Homélie de Mgr Le Gall du dimanche de Pâques 2016

Pâques 2016

Homélie de Mgr Le Gall du dimanche de Pâques 2016

DIMANCHE DE PÂQUES
CATHÉDRALE SAINT-ÉTIENNE DE TOULOUSE
LE 27 MARS 2012

 

« De grand matin, Marie Madeleine se rend au tombeau, écrit saint Jean : c’était encore les ténèbres » (20, 1). Après la crucifixion de Jésus, vers midi, d’après saint Luc, « l’obscurité se fit sur la terre jusqu’à la neuvième heure – c’est-à-dire, trois heures de l’après-midi – car le soleil s’était caché » (23, 44-45). Jean note au moment où Judas quitte la cène pour trahir Jésus : « Il faisait nuit » (13, 31). Dès son arrestation, Jésus avait déclaré : « C’est maintenant votre heure et le pouvoir des ténèbres » (22, 53). Après sa mort et sa déposition au tombeau, Jésus est descendu dans la nuit de la mort ; il est même allé jusqu’aux enfers, comme nous le proclamons dans le Credo  ; d’après saint Pierre, « il est parti proclamer son message aux esprits qui étaient en captivité » (1 P 3, 19). Les icônes orientales montrent comment Jésus fait sauter les verrous du royaume d’en-bas.

Nous expérimentons tragiquement ce « pouvoir des ténèbres » au fil des épisodes sanglants de la guerre perlée que nous imposent les terroristes de l’Islam radical. Chaque matin, lors du chant du Benedictus à Laudes, j’y pense en reprenant ce verset qui amorce la conclusion du cantique : « Pour illuminer ceux qui habitent les ténèbres et l’ombre de la mort, pour conduire nos pas au chemin de la paix » (Lc 1, 79). Dimanche dernier, nous avions parmi nous dans cette cathédrale du Protomartyr Étienne, la chorale syrienne Cœur-Joie, avec ses 120 jeunes ; ils sont repartis hier à Damas, et leur église paroissiale est à un kilomètre du front de Daech : ils vivent vraiment, comme beaucoup de nos frères chrétiens, dans « l’ombre de la mort » : « ils habitent les ténèbres », mais leurs sourires et leur joie nous ont impressionnés, ce qui démontre que Rien que l’amour ne tient et nous fait tenir. Nous prions pour ces jeunes filles et ceux qui les accompagnaient.
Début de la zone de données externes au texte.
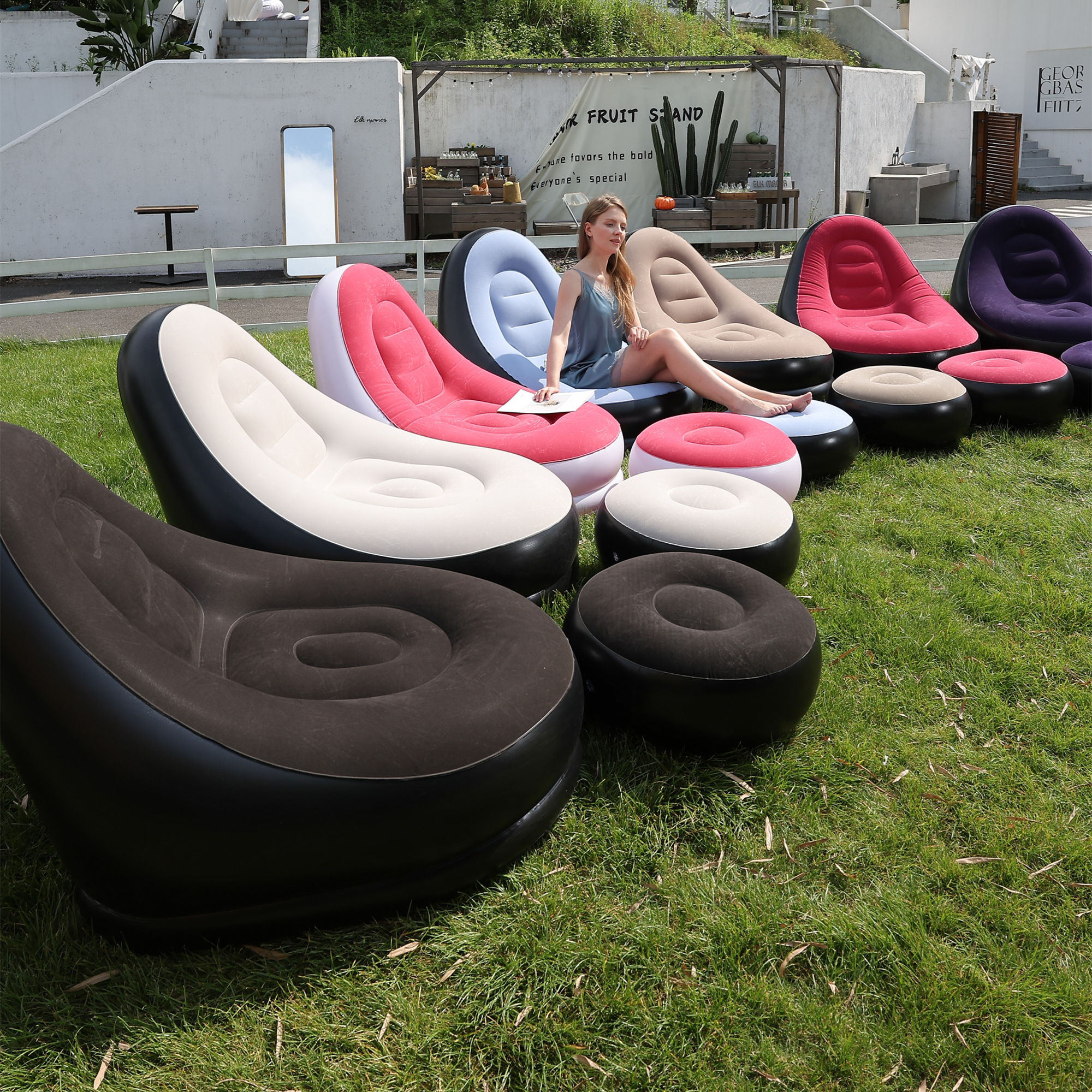 Outdoor Furniture Designer - Lazy Couch Sofas Inflatable Chair Foldable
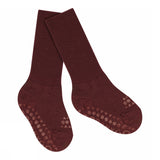 Anti-Rutsch-Socken – Merinowolle – Weinrot
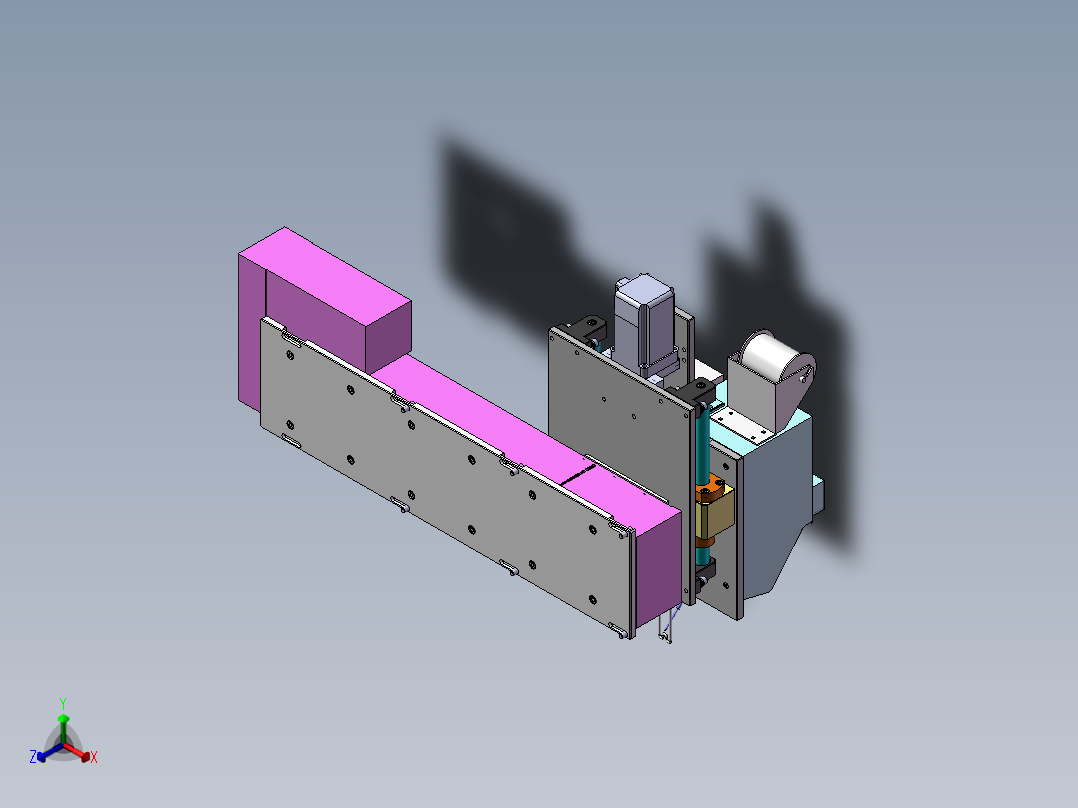 电阻焊机图正等轴测图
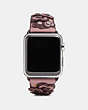 COACH®,APPLE WATCH® STRAP WITH HEART APPLIQUE,Leather,DUSTY ROSE,Front View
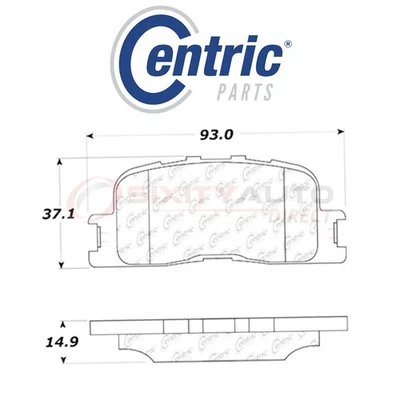 Centric Posi Quiet Disc Brake Pads w Shims for 2004-2006 Lexus ES330 3.3L V6 vl Foto 1 de 4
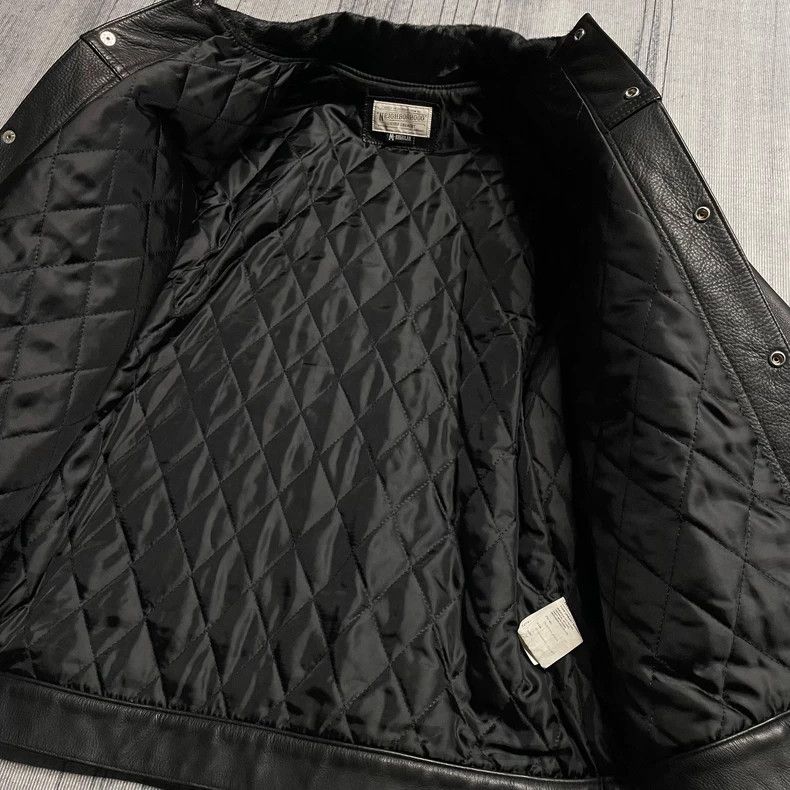 Neighborhood NEIGHBORHOOD STOCKMAN Leather Jacket - dmc Size US M / EU 48-50 / 2 - 2 Thumbnail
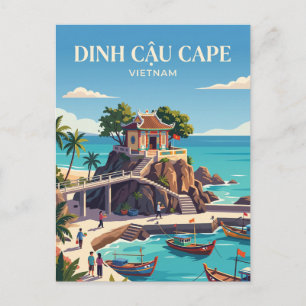 Dinh Cậu Cape Vietnam Postcard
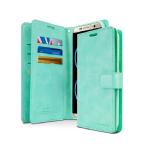Goospery Mansoor Wallet Diary Case for Samsung S9 - Teal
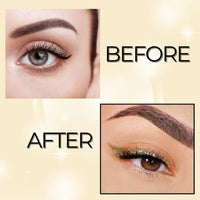 BOBI Glitter Eyeliner Gold | Diamond Sparkle Finish | Waterproof Long Wear | Quick Dry Smudgeproof | Felt-Tip Precision | Cruelty-Free Paraben-Free-5ml - 3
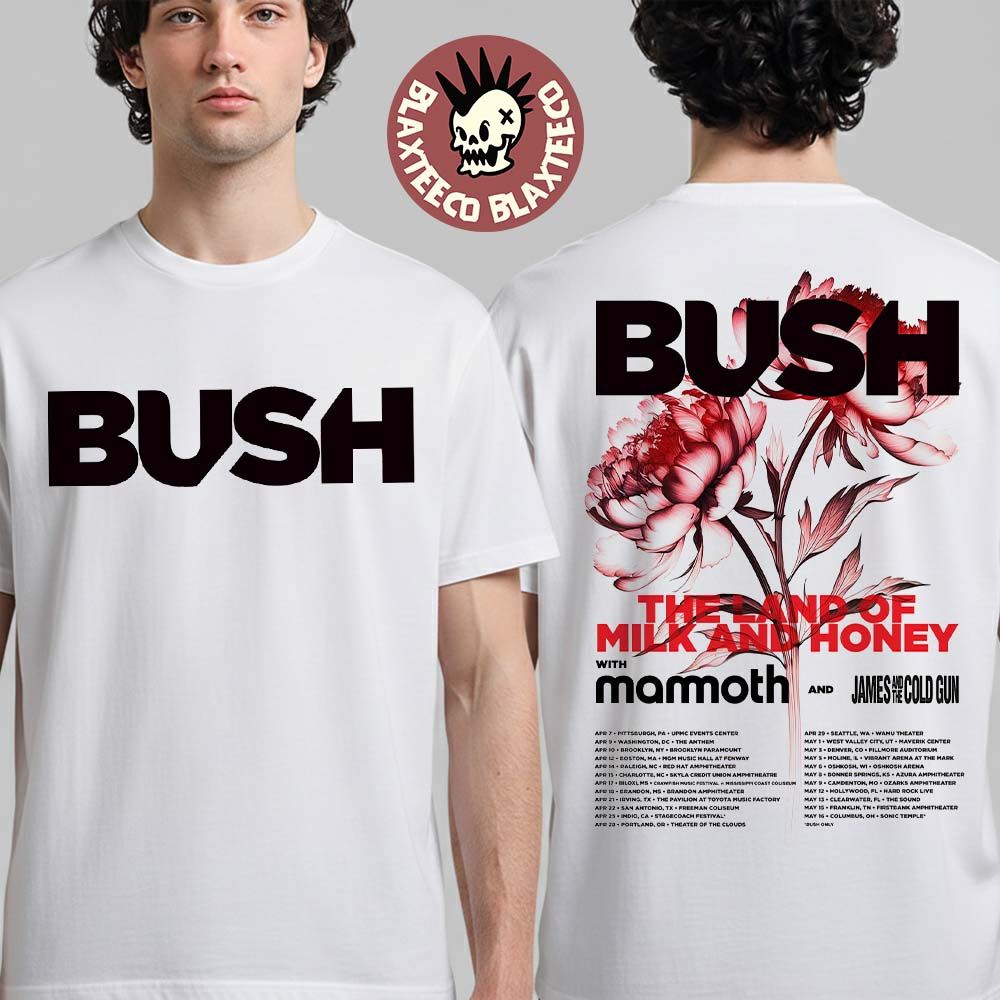 Bush Spring 2026 North America Schedule Dates Two - Adult & Kids T-Shirts, Sweatshirts & Hoodies apparel design preview 1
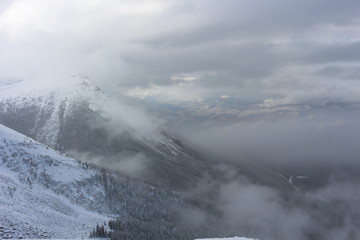 Whistlers peak - Jasper Canada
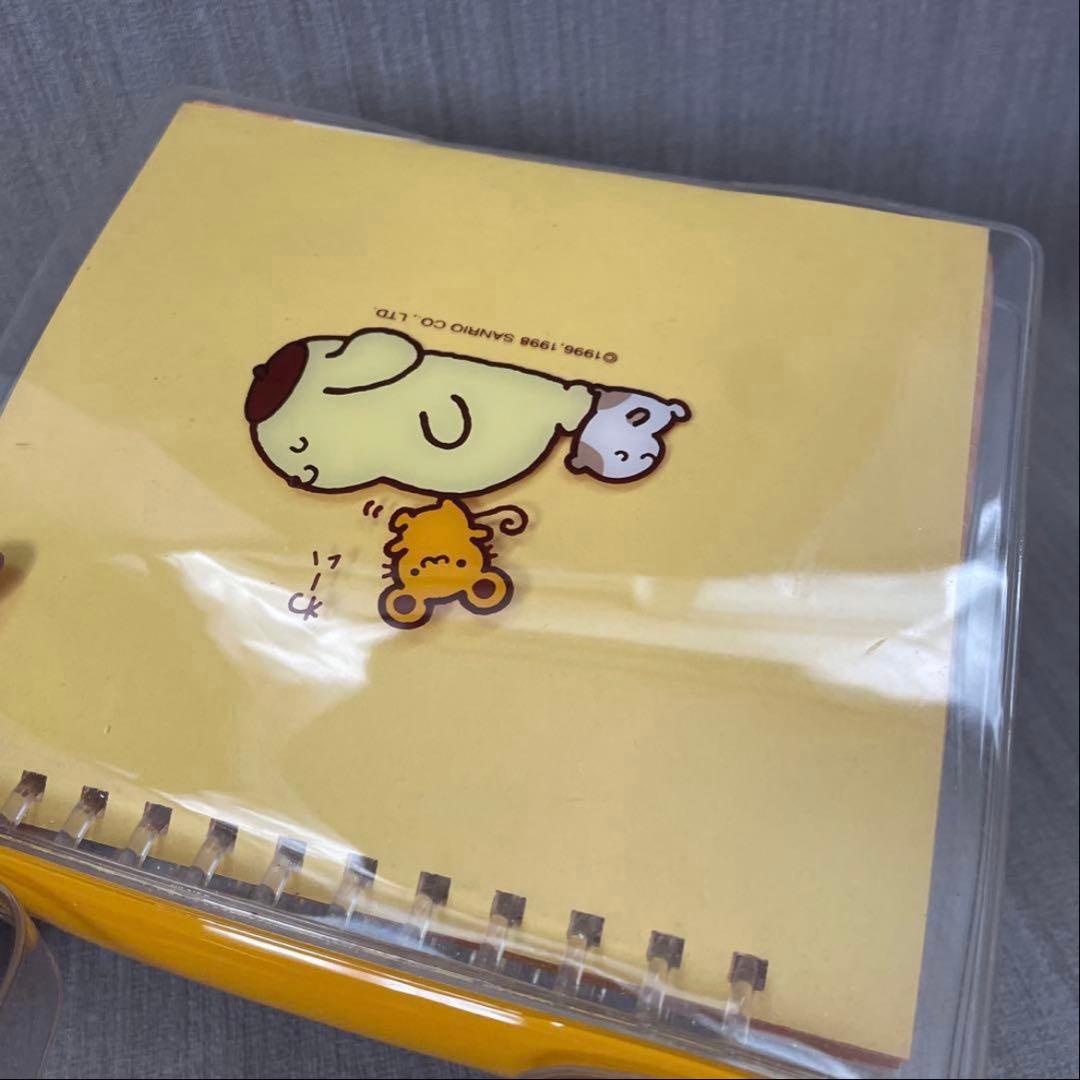 ポムポムプリン 昭和レトロ プロフィール帳 サイン帳 1998年製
Comme le pape François nous le demande, nous supplions le Seigneur de faire sortir les suppôts du « Prince de ce monde » (Jn 14, 30) de l’aveuglement de leur fanatisme qui n’a rien à voir avec la religion. Je lisais tout récemment dans une revue ce dicton persan : « Toutes les ténèbres du monde ne peuvent rien contre la lueur d’une petite bougie ». Notre procession de la Vigile pascale a montré cette nuit la puissance d’une lumière propagée de proche en proche.

Le matin de Pâques, les saintes femmes passent de l’obscurité à la lumière, de la tristesse de la mort à l’annonce de la vie, du Vivant, du Ressuscité d’entre les morts. Cette nuit, l’Évangile nous rapportait leur rencontre avec deux hommes aux vêtements éblouissants. Elles n’ont pas encore vu Jésus, mais ces anges sont revêtus de sa lumière divine, qui n’apparaît pas dans toute sa force. La tradition de l’Église, tant en Orient qu’en Occident parle du baptême comme d’une « illumination ». Au terme des rites, hier soir, j’ai remis aux nouveaux baptisés une chandelle allumée au cierge pascal en leur disant : « Vous êtes devenus lumière dans le Christ : marchez toujours comme des enfants de lumière », ce qui fait référence aux enseignements de saint Paul. L’oraison de ce jour de Pâques au début de la messe demande : « Que ton Esprit fasse de nous des hommes nouveaux, pour que nous ressuscitions avec le Christ dans la lumière de la vie. »

L’obscurité n’existe pas que chez les autres ou chez nos ennemis ; elle est en nous, car nous sommes complices des ténèbres, y compris dans l’Église qui, elle aussi, doit sans cesse demander pardon à Dieu et aux autres : nous le faisons face aux victimes qui ont été abusées par des prêtres, tout en rendant grâce à Dieu pour les prêtres dans leur ensemble, si généreux dans leur ministère. Laissons la lumière gagner nos cœurs pour la diffuser : je redis souvent une prière que Maman m’avait apprise : « Remplis-moi ce matin, Seigneur, de ta lumière, pour qu’au long de ce jour je te révèle. » Voilà comment nous sommes disciples, disciples missionnaires, comme baptisés, confirmés, fidèles, à la suite de Marie-Madeleine, « l’Apôtre des Apôtres ». Amen, Alleluia.